As with the global Moran’s I, there is both an analytical and Monte Carlo approach to computing significance of $$I_i$$. In the case of a Monte Carlo approach, one shuffles all values in the dataset except for the value, $$y_i$$, of the geometric unit $$i$$ whose $$I_i$$ we are assessing for significance. For each permutation, we compare the value at $$y_i$$ to the average value of its neighboring values. From the permutations, we generate a distribution of $$I_i$$ values (for each $$y_i$$ feature) we would expect to get if the values were randomly distributed across all features.

We can use the following polygon in eastern Massachusetts as example.

Its local Moran’s I statistic is 0.85. A permutation test shuffles the income values around it all the while keeping its value constant. An example of an outcome of a few permutations follows:

You’ll note that even though the income value remains the same in the polygon of interest, its local Moran’s I statistic will change because of the changing income values in its surrounding polygons.

If we perform many more permutations, we come up with a distribution of $$I_i$$ values under the null that the income values are randomly distributed across the state of Massachusetts. The distribution of $$I_i$$ for the above example is plotted using a histogram.

About 9.3% of the simulated values are more extreme than our observed $$I_i$$ giving us a pseudo p-value of 0.09.

If we perform this permutation for all polygons in our dataset, we can map the pseudo p-values for each polygon. Note that here, we are mapping the probability that the observed $$I_i$$ value is more extreme than expected (equivalent to a one-tail test).

One can use the computed pseudo p-values to filter the $$I_i$$ values based on a desired level of significance.
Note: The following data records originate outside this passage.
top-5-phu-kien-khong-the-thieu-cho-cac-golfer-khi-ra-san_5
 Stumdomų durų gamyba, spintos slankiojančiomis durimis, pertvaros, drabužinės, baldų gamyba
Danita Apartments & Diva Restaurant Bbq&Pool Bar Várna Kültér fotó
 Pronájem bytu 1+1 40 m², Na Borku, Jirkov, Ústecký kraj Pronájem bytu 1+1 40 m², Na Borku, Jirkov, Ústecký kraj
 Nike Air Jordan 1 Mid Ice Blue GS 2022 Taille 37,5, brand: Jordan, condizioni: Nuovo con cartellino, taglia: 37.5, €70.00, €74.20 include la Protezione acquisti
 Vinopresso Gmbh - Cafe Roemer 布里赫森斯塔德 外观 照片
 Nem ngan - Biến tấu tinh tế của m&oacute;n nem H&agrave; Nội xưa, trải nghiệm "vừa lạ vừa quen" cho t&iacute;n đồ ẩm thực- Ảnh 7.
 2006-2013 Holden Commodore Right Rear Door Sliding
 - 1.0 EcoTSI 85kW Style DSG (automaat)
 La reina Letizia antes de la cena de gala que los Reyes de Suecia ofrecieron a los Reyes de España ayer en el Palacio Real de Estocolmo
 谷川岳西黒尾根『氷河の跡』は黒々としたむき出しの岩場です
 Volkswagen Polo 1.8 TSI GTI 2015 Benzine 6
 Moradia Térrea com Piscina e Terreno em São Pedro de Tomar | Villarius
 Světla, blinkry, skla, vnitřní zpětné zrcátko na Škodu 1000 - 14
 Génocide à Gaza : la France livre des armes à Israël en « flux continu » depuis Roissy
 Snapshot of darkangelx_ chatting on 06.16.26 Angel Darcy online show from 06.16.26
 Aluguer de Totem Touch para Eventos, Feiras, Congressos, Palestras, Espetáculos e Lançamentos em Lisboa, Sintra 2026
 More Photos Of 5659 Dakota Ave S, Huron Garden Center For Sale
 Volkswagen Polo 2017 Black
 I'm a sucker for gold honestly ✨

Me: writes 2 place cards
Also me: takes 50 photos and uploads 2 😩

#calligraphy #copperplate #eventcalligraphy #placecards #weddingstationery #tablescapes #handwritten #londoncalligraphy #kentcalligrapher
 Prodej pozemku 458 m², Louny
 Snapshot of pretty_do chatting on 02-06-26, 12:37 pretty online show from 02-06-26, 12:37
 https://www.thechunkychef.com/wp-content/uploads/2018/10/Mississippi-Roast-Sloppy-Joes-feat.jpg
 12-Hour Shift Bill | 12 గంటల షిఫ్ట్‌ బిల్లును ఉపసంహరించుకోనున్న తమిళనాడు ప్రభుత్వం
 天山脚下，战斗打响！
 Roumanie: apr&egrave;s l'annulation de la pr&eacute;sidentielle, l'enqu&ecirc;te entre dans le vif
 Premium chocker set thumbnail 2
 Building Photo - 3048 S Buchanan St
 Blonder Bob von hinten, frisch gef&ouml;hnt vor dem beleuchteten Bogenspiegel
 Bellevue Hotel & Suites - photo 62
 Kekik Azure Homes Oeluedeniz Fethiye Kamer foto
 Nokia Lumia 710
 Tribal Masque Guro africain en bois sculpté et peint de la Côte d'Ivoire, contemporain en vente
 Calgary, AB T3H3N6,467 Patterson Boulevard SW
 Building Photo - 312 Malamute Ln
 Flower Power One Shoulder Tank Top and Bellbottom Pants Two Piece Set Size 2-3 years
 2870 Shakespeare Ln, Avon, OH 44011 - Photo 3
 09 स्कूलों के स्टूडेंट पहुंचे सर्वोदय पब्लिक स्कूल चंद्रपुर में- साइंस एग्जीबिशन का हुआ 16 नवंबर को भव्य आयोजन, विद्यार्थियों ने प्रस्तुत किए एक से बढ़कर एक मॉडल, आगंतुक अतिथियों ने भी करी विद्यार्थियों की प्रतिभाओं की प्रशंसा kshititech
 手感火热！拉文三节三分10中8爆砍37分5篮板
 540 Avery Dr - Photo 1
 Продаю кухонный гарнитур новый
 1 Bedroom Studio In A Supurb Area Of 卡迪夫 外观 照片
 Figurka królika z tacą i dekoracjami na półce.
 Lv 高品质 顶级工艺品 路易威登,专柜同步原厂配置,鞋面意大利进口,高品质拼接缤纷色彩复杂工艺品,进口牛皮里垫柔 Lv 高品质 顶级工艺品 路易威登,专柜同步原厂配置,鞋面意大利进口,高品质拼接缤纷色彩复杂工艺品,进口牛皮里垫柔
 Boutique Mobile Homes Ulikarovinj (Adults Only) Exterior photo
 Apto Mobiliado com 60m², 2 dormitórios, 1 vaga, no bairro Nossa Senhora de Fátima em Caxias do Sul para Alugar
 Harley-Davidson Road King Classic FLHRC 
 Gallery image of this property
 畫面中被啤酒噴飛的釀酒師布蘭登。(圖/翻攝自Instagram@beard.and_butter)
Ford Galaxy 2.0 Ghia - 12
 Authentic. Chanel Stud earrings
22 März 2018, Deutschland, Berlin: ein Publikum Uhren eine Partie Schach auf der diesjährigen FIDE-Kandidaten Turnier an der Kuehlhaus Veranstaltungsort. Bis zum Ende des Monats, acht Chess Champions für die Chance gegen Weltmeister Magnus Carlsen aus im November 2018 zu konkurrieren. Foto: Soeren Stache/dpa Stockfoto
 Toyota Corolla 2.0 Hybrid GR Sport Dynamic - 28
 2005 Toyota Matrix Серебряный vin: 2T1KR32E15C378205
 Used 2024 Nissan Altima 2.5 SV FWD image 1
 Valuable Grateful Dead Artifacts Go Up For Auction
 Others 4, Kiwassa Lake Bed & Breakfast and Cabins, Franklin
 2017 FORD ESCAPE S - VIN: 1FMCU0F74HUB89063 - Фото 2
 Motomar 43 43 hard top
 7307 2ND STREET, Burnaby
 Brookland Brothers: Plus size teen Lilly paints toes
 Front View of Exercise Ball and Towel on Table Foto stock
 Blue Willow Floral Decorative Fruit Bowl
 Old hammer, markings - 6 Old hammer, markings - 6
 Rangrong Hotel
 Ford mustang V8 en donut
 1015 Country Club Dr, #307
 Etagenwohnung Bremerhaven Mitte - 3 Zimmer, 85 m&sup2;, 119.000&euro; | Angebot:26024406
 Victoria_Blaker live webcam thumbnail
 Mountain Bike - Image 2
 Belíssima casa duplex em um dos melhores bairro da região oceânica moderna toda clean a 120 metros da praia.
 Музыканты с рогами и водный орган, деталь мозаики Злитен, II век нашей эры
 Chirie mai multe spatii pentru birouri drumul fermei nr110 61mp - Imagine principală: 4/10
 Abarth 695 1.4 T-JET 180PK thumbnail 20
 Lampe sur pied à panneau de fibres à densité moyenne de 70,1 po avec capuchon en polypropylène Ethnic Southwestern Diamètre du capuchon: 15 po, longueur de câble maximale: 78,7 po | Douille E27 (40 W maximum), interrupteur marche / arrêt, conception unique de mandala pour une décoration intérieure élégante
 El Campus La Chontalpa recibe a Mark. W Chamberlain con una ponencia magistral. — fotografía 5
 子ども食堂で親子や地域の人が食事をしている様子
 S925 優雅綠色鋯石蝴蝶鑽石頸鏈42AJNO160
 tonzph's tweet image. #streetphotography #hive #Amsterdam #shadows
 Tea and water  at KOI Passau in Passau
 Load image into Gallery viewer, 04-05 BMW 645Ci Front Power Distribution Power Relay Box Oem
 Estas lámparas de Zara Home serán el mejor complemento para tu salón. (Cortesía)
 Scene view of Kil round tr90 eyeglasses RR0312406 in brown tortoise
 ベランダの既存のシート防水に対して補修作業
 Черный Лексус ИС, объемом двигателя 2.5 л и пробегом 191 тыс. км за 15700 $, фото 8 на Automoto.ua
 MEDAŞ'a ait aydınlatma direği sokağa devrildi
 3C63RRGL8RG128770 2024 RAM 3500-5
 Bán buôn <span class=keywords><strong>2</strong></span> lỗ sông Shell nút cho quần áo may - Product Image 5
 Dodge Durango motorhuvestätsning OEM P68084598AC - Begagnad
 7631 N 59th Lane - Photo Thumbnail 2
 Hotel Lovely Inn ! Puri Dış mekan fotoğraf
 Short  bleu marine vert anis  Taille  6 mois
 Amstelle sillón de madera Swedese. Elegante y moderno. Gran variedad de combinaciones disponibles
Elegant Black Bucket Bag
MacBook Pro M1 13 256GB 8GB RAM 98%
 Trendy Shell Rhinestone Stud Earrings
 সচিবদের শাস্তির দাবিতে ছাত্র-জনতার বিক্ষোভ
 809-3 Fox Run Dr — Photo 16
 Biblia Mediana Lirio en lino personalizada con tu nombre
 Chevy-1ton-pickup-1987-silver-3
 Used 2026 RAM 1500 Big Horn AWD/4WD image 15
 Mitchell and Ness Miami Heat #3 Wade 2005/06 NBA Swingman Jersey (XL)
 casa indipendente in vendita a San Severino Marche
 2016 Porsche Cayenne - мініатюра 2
For example, the following scatter plot and map shows the high/low “hotspots” for which a pseudo p-value of 0.05 or less was computed from the above simulation.

You’ll note that the levels of significance do not apply to just the high-high and low-low regions, they can apply to all combinations of highs and lows.

Here’s another example where the $$I_i$$ values are filtered based on a more stringent significance level of 0.01.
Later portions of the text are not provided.